→ Exercise: Retype only what runs from the line that contains "thumbnail image 3" through the last line of the listing below, both lines included.

<<<<

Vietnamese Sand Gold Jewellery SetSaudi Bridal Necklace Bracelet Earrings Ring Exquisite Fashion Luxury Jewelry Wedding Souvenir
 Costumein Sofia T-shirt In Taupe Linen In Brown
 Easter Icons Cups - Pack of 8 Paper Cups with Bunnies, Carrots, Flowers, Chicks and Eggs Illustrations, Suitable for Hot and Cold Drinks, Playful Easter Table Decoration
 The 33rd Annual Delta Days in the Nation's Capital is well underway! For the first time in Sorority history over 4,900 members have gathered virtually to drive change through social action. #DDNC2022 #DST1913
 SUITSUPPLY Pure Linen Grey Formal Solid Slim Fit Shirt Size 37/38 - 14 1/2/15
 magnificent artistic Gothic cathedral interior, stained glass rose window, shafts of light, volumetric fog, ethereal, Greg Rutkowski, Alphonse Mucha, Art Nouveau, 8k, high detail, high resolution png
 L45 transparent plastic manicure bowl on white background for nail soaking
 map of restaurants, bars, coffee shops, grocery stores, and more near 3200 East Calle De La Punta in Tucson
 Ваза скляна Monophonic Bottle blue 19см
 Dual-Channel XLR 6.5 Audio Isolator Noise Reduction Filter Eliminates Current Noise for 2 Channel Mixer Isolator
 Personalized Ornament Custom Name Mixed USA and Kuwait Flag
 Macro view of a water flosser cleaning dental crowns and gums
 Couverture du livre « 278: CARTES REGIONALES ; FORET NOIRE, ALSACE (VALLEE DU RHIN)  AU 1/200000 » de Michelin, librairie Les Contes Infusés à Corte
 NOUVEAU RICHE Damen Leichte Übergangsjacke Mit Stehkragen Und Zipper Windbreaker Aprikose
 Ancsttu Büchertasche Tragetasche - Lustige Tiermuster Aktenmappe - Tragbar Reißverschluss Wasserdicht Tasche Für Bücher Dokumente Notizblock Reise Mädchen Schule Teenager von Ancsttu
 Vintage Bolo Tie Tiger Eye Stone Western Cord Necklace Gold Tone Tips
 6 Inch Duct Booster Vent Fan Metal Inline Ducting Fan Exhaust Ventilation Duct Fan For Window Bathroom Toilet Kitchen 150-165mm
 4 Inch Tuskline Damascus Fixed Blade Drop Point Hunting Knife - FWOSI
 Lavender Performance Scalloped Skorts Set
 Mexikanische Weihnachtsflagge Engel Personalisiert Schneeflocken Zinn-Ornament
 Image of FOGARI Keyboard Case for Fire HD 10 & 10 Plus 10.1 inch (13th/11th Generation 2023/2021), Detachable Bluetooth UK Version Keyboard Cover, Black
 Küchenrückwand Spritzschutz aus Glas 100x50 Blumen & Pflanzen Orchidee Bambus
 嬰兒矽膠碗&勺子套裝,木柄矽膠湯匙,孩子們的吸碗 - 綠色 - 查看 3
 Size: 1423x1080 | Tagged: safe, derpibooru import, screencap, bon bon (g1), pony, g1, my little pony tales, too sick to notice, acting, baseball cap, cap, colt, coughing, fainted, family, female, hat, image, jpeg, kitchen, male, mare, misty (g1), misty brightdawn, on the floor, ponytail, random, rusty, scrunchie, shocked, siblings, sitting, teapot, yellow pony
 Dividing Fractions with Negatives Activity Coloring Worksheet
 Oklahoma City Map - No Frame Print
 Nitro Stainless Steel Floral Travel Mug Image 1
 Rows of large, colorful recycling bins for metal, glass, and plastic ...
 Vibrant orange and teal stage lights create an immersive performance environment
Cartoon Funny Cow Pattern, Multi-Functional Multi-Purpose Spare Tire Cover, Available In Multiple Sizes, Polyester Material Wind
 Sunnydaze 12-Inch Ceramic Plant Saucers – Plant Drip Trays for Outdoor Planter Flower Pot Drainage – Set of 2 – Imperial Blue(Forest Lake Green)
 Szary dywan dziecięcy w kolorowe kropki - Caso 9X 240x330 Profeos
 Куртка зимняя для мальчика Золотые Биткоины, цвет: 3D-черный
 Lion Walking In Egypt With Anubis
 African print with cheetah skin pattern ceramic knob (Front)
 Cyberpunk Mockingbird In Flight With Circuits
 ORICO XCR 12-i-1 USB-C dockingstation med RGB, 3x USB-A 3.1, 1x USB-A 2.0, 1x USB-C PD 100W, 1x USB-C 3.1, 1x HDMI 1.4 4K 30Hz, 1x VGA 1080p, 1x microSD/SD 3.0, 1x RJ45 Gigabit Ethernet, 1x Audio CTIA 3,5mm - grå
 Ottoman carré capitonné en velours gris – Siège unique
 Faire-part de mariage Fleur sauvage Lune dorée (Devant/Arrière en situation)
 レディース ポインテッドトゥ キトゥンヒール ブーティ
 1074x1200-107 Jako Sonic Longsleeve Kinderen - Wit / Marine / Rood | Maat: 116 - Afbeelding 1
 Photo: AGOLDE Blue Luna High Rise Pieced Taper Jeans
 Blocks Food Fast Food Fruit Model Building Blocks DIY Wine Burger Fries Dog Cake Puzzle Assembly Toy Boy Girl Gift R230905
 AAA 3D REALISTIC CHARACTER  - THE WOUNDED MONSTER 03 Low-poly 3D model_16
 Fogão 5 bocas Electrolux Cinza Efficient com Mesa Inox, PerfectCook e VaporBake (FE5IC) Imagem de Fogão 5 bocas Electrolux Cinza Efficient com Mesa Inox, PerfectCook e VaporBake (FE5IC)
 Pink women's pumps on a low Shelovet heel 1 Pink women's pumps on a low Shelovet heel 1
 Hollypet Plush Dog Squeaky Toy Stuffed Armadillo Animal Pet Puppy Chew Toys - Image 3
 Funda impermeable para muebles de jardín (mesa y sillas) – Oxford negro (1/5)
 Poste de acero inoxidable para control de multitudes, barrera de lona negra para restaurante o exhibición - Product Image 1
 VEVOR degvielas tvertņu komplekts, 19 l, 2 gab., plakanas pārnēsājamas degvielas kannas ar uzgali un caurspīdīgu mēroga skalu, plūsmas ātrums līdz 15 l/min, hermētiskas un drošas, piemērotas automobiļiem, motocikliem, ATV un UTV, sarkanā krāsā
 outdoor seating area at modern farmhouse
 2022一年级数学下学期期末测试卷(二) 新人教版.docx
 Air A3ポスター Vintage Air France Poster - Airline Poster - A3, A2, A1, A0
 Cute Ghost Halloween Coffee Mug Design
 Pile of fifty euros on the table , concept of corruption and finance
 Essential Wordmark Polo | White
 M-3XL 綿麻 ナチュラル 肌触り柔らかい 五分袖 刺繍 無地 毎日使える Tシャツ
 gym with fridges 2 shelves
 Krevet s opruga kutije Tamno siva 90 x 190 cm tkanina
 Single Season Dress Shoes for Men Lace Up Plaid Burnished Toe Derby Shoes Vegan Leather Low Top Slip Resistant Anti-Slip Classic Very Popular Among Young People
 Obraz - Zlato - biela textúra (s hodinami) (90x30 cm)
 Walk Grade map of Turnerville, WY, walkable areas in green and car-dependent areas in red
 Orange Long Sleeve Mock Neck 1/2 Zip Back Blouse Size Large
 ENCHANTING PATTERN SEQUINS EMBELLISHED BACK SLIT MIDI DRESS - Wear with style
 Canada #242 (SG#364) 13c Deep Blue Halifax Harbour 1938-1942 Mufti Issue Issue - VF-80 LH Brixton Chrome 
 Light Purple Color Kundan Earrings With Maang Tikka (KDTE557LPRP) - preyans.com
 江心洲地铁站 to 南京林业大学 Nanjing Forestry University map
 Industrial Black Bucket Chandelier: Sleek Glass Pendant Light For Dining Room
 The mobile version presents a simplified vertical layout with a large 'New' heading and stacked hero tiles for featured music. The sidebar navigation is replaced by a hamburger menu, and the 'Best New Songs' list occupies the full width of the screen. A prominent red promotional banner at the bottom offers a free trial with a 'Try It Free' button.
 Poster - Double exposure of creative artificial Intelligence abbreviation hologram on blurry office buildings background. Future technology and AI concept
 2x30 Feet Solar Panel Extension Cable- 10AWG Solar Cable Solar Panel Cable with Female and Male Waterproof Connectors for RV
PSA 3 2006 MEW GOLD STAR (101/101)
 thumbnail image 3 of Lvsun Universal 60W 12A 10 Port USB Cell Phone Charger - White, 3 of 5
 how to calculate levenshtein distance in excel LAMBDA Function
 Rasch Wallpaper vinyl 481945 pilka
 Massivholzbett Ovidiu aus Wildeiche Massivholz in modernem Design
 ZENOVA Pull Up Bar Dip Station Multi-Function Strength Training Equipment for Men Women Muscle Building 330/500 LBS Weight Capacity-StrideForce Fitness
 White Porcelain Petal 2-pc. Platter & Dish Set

>>>>

→ Problem solution:
 thumbnail image 3 of Lvsun Universal 60W 12A 10 Port USB Cell Phone Charger - White, 3 of 5
 how to calculate levenshtein distance in excel LAMBDA Function
 Rasch Wallpaper vinyl 481945 pilka
 Massivholzbett Ovidiu aus Wildeiche Massivholz in modernem Design
 ZENOVA Pull Up Bar Dip Station Multi-Function Strength Training Equipment for Men Women Muscle Building 330/500 LBS Weight Capacity-StrideForce Fitness
 White Porcelain Petal 2-pc. Platter & Dish Set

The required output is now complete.